Isso posto, é necessário evitar supervalorizar o
papel dessas “redes” nos sucessos millerianos. É
antes bem próximo a ele que se deve buscar a chave: “Entre
seus íntimos, primeiro, dentre os quais, na primeira fila,
sua mulher, Judith (que depois do caso Accoyer se deixou convencer
a assinar novamente “Judith Lacan”) e seu irmão,
o midiático Gérard. Em seguida e sobretudo, entre
os fiéis da Causa. Sempre mobilizados, às centenas,
intrépidos e devotos: “Vocês não imaginam
a militância das pessoas que o envolvem. Muitos se casam na
Escola, nela passam noites e fins-de-semana. Todos os que têm
responsabilidades, principalmente fora da capital, têm um
vínculo analítico, portanto pessoal, com Miller. A
cada semana, eles vêm contar-lhe suas vidas. A confidencialidade
cria laços muito fortes, lógicas de paixão,
de traição, logo essa “transferência de
massa” sobre que Miller teorizou...”, recorda-se a psicanalista
Geneviève Morel, que rompeu com Jean em 2000, mas que entretanto
cuida de deixar claro que se sente solidária a sua luta atual
em defesa da psicanálise. E em defesa de uma certa idéia
da França, afinal, essa nação “filha
mais velha do freudismo” que Miller quer salvar da “tirania
do bem” - e isso por todos os meios. Legais, primeiramente:
nas próximas semanas, dezenas de encontros estão previstos
no interior. No horizonte, a presidencial de 2007: “Nós
podemos ter uma influência sobre estas eleições.

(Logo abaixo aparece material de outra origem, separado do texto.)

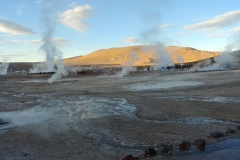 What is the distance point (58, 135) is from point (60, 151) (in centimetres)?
211

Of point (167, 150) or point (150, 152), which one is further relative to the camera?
point (167, 150)

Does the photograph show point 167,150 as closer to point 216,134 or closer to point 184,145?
point 184,145

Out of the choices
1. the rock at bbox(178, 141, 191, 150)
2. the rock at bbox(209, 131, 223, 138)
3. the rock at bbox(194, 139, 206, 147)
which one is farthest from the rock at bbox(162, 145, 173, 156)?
the rock at bbox(209, 131, 223, 138)

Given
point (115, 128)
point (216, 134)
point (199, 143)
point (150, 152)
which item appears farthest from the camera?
point (115, 128)

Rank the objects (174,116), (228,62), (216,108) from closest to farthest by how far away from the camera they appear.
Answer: (174,116)
(216,108)
(228,62)

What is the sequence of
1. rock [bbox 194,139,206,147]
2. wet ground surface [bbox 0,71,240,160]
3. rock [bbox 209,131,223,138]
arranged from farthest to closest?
rock [bbox 209,131,223,138] < rock [bbox 194,139,206,147] < wet ground surface [bbox 0,71,240,160]

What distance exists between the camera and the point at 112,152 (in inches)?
355

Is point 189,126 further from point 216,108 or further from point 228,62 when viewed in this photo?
point 228,62

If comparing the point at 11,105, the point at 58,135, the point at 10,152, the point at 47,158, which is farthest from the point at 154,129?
the point at 11,105

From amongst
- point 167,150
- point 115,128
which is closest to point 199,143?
point 167,150

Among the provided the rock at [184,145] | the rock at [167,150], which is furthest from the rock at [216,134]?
the rock at [167,150]

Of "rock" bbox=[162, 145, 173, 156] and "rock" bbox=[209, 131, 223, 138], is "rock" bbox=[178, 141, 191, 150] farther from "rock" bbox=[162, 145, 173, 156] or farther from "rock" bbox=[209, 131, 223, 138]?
"rock" bbox=[209, 131, 223, 138]

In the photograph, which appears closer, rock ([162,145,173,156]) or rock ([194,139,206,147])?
rock ([162,145,173,156])

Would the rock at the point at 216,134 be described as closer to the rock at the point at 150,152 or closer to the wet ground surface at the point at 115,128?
the wet ground surface at the point at 115,128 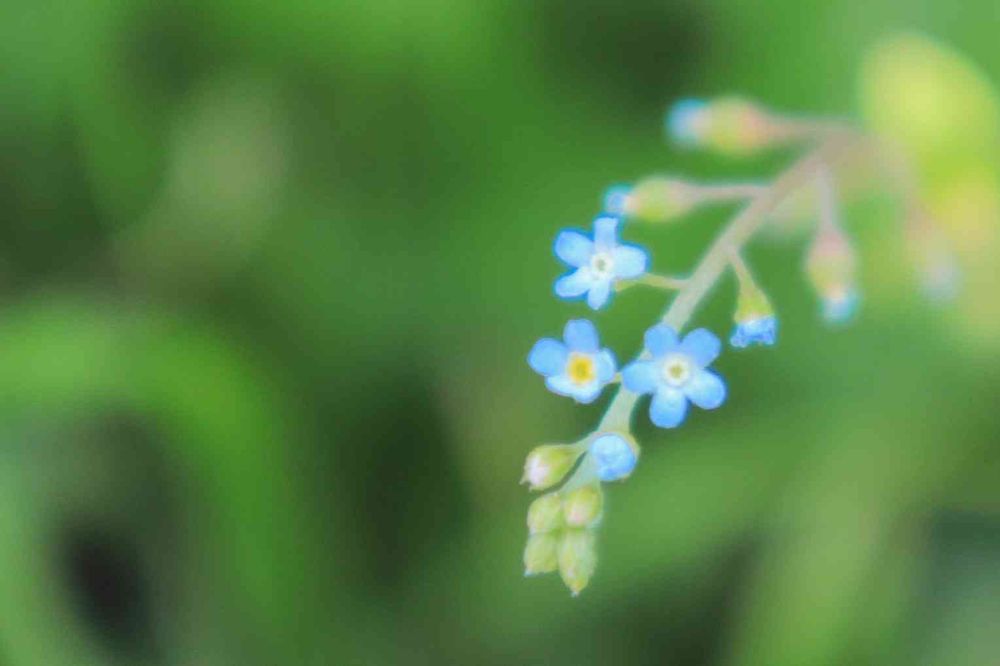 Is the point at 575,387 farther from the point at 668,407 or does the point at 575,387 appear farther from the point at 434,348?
the point at 434,348

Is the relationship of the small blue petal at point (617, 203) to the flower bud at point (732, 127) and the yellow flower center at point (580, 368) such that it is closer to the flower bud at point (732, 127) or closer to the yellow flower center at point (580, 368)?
the yellow flower center at point (580, 368)

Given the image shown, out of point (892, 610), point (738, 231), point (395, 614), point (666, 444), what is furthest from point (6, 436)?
point (892, 610)

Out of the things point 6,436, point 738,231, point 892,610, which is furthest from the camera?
point 892,610

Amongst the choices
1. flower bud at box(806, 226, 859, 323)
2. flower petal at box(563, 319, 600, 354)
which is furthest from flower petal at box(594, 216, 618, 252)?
flower bud at box(806, 226, 859, 323)

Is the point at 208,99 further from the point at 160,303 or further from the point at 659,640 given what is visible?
the point at 659,640

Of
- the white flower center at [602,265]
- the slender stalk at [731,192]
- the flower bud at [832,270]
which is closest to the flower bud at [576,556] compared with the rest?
the white flower center at [602,265] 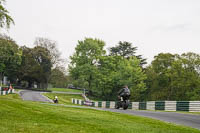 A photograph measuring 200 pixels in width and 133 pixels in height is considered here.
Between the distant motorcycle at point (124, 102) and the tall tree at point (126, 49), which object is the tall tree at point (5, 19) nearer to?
the distant motorcycle at point (124, 102)

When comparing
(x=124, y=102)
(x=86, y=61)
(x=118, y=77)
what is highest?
(x=86, y=61)

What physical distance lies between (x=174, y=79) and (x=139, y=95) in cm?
1006

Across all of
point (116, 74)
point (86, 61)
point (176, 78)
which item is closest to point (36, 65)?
A: point (86, 61)

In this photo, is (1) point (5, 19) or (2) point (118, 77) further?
(2) point (118, 77)

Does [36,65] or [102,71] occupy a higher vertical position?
[36,65]

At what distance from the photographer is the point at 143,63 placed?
74.3m

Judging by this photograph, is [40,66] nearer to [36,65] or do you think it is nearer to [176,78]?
[36,65]


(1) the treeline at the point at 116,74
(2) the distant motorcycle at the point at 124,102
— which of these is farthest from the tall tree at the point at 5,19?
(1) the treeline at the point at 116,74

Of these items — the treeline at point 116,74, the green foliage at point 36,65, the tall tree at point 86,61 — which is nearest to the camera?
the treeline at point 116,74

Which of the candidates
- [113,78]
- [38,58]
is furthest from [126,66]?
[38,58]

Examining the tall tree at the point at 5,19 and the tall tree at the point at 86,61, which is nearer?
the tall tree at the point at 5,19

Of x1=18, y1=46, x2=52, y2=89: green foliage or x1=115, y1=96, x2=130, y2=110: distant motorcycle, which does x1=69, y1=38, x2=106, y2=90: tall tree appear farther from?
x1=115, y1=96, x2=130, y2=110: distant motorcycle

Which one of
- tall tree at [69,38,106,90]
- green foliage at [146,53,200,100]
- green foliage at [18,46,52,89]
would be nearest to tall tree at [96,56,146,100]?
tall tree at [69,38,106,90]

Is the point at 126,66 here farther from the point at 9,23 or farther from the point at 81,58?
the point at 9,23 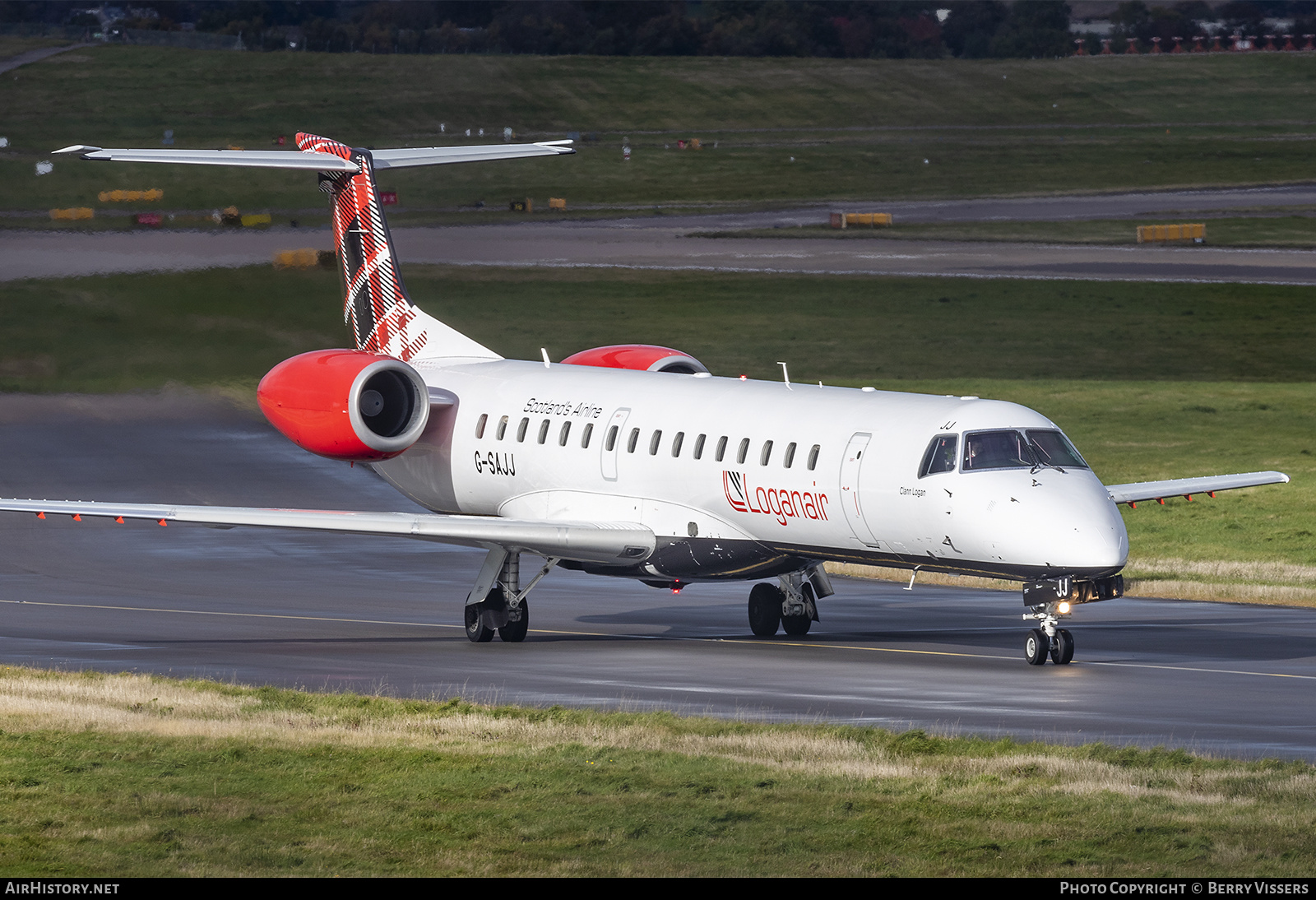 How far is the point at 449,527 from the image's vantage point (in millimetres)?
29453

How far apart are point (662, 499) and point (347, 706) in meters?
8.34

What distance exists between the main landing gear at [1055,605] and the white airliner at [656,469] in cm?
3

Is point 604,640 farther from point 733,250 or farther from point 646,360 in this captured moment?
point 733,250

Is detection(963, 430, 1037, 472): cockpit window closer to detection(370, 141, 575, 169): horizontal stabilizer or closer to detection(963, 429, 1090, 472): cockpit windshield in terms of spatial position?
detection(963, 429, 1090, 472): cockpit windshield

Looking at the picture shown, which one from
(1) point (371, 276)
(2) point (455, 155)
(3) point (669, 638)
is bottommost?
(3) point (669, 638)

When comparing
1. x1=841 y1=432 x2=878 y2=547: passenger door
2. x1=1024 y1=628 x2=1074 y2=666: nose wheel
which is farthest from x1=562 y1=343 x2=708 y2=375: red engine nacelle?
x1=1024 y1=628 x2=1074 y2=666: nose wheel

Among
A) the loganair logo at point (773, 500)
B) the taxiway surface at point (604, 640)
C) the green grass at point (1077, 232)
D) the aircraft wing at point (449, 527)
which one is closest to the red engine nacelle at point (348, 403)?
the aircraft wing at point (449, 527)

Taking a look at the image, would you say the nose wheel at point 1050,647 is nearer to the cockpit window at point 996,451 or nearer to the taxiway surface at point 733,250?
the cockpit window at point 996,451

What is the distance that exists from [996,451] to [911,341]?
50440 mm

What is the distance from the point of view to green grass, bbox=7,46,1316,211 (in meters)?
122

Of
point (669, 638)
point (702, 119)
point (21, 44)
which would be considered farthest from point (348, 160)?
point (702, 119)

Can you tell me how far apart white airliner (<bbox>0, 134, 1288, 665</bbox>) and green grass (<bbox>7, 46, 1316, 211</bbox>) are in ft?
184

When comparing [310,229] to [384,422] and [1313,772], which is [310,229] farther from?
[1313,772]

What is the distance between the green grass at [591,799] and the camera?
15820 mm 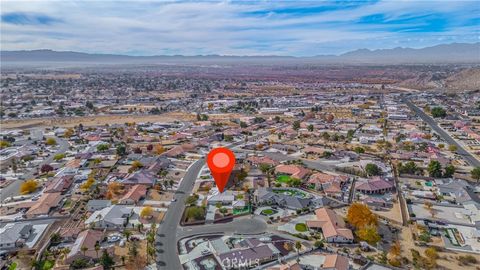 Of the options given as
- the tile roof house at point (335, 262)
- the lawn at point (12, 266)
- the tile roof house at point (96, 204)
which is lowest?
the lawn at point (12, 266)

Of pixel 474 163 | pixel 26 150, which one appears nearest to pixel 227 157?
pixel 474 163


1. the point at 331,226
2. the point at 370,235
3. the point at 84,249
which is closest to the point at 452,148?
the point at 370,235

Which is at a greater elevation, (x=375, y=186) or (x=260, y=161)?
(x=375, y=186)

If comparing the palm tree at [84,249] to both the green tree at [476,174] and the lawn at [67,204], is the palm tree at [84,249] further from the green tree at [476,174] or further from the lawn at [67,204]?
the green tree at [476,174]

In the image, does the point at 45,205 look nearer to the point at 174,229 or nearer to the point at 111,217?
the point at 111,217

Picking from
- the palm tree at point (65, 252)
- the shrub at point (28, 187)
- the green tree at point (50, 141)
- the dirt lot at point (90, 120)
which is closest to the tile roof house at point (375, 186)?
the palm tree at point (65, 252)

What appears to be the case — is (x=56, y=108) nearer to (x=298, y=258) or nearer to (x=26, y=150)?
(x=26, y=150)

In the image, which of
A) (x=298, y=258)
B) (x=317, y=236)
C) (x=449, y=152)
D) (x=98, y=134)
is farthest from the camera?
(x=98, y=134) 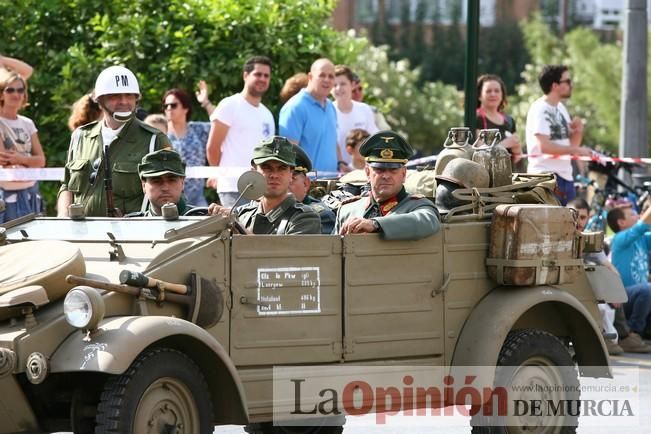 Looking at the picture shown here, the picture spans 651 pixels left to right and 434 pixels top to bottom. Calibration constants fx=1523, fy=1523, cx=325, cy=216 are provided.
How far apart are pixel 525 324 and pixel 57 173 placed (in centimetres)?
513

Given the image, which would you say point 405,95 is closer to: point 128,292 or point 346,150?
point 346,150

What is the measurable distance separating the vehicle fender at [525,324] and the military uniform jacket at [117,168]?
94.1 inches

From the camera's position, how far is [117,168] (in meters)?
9.42

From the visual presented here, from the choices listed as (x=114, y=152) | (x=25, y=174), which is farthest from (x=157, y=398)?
(x=25, y=174)

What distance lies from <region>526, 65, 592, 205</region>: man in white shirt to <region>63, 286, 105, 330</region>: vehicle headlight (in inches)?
321

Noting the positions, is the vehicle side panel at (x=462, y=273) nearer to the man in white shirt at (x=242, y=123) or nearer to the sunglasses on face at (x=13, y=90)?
the man in white shirt at (x=242, y=123)

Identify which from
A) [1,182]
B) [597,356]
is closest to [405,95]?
[1,182]

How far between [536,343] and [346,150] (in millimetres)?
6121

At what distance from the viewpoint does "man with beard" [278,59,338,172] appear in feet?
43.2

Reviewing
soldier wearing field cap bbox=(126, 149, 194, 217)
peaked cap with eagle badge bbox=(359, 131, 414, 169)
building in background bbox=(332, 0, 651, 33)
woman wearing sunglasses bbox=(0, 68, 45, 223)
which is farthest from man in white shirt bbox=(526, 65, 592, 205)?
building in background bbox=(332, 0, 651, 33)

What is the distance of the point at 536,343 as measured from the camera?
855 cm

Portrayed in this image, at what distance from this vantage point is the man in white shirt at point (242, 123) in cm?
1296

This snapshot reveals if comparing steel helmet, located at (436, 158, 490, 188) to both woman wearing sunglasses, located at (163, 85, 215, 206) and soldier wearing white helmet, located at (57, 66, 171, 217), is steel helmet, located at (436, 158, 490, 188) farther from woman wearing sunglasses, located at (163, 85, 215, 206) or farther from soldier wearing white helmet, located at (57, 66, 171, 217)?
woman wearing sunglasses, located at (163, 85, 215, 206)

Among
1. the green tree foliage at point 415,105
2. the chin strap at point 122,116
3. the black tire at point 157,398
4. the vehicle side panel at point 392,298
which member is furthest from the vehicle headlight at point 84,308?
the green tree foliage at point 415,105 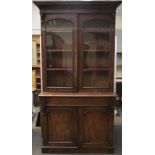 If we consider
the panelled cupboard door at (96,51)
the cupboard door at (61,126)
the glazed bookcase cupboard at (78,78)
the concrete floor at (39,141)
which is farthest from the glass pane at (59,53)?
the concrete floor at (39,141)

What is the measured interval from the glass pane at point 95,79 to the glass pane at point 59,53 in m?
0.23

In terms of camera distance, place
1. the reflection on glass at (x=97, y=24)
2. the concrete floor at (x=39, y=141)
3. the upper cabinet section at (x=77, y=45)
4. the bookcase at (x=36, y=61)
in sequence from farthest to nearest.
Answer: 1. the bookcase at (x=36, y=61)
2. the concrete floor at (x=39, y=141)
3. the reflection on glass at (x=97, y=24)
4. the upper cabinet section at (x=77, y=45)

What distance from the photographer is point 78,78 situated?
326 cm

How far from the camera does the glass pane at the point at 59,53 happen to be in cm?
330

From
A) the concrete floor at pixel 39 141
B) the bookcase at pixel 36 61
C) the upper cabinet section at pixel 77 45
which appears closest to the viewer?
the upper cabinet section at pixel 77 45

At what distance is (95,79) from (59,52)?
2.25 feet

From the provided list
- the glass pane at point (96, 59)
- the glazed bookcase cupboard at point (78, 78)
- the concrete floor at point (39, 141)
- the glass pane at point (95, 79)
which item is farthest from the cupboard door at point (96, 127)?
the glass pane at point (96, 59)

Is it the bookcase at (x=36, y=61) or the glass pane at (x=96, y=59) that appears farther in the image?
the bookcase at (x=36, y=61)

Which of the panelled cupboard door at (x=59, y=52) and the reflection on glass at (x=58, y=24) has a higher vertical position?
the reflection on glass at (x=58, y=24)

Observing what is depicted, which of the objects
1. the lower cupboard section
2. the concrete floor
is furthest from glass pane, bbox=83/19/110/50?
the concrete floor

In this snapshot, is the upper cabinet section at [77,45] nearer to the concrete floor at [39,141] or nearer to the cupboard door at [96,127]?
the cupboard door at [96,127]

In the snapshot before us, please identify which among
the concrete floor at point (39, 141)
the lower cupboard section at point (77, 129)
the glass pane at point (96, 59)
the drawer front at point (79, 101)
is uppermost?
the glass pane at point (96, 59)

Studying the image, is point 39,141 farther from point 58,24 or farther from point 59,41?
point 58,24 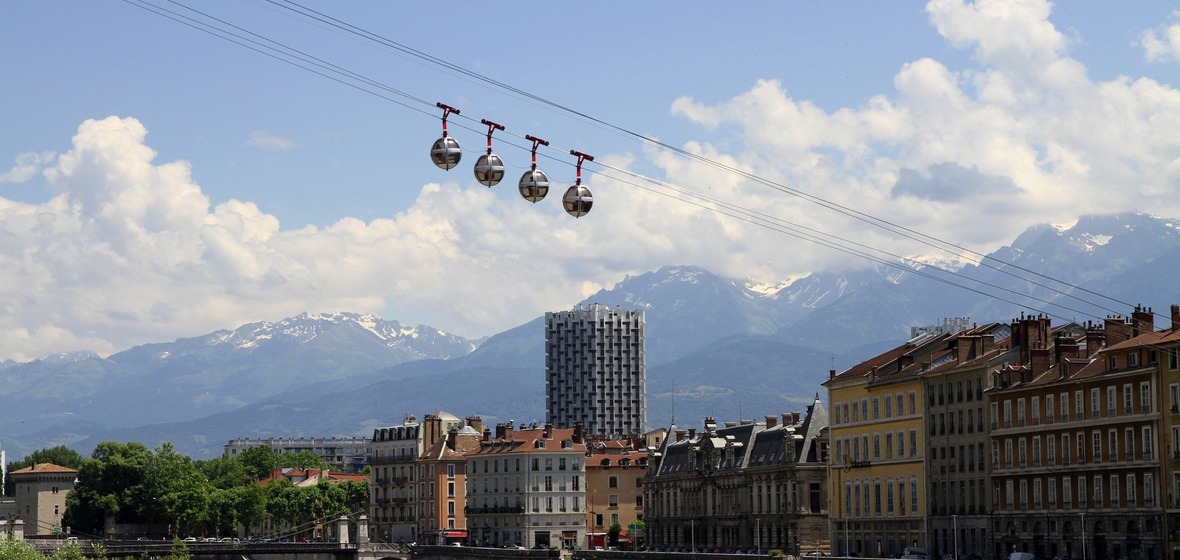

Se o clube Phares et Balises de Régis Debray pôde ter
um papel em 1995, me surpreenderia que um grupo como o nosso, se
mantido, não venha a ter. Mas, também, por vias subversivas,
pois que agora JAM ameaça convocar os “psis”
à “desobediência civil”. Última
bravata? “Não se põe Voltaire na cadeia, dizia
De Gaulle. Veremos se eles ousam colocar o genro de Lacan!”